Written by Rachel Clapp-Smith
Image by Polly Clapp
My grandmother passed away yesterday. As many families do at the time of loss, my family got together to remember, start the process of grieving, and reflect on the mark my grandmother made on the world. Whether we are intentional or not of making a mark on the world, we invariably do. There are so many wonderful qualities about my grandmother – she was kind, brave, self-determined, strong willed, and always friendly. She never wanted to be a bother to others and she didn’t let adversity slow her down. In fact, the day before she died, she stopped breathing for a little bit. But then she started breathing again, came back to, and went to lunch. That was simply the type of women she was, not be let a moment of death slow her down her keep her from lunch.
When I first started to study leadership formally, that is, in business school, and I was asked to think of a leader who inspired me, Grandma always came to mind. I never knew if it was cliché to think of my grandmother as an influential leader or, worse, sometimes I didn’t really understand why I felt influenced by her. But I did always see her as someone whose behavior I wanted to model. You see, she always had the respect of others because she always respected others. She never demanded trust or respect, but always earned it through integrity and relatedness to humanity.
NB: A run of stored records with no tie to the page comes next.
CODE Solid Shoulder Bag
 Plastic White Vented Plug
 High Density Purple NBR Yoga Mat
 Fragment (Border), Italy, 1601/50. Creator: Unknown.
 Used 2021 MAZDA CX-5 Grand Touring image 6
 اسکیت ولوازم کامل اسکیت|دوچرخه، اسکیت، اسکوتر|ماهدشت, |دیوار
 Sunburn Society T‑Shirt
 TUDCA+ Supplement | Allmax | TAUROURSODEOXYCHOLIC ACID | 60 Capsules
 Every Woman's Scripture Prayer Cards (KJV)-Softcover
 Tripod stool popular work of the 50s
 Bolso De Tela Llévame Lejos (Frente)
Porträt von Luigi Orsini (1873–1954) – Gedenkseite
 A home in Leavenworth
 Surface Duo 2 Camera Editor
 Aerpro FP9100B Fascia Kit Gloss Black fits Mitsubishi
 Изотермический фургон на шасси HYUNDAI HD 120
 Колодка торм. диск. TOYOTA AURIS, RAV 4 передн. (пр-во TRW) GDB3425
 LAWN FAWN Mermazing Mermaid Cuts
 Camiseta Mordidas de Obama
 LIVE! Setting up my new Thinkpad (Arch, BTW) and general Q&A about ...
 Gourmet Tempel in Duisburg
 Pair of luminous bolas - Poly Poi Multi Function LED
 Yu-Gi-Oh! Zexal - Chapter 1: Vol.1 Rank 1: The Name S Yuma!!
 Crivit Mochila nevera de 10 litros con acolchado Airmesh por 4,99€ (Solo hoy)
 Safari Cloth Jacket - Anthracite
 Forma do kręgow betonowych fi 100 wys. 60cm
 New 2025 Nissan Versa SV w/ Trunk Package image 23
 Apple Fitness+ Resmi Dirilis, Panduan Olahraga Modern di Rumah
As much as I want to tell you more about what an amazing women she was, the true point of this blog post is to reflect on our futures and our ends. Many leadership consultants will take clients through an epitaph exercise, in which they project on how they would like to be remembered. As kitschy as this may seem, in moments of loss, you can’t help but be moved by the legacy some people leave behind, how fondly they are remembered. It is years of consistent behavior that build these legacies and most often, they are projected onto many domains, not just work. I raise this domain orientation, because at mid-life where I sit at the moment, I seem to be thinking much more about how I can have an impact at work, but at life’s end, will that really matter? Will I be comfortable hearing people I worked with fondly remembering what I did for the organization at the expense of my kids and grandkids reflecting on how little they knew me, how successful I was at work, how much stress I brought home, and the family sacrifices I made for my career success? No, that doesn’t appeal to me. So, when I think about my leadership and the mark I will make on the world, in which domains is my mark the most important to me? By seeing how my many domains are integrated, it becomes easier for me to see how what I value in my work domain can enrich what I value in my family and community domains.
What do you want your legacy to be? How will your domains remember you?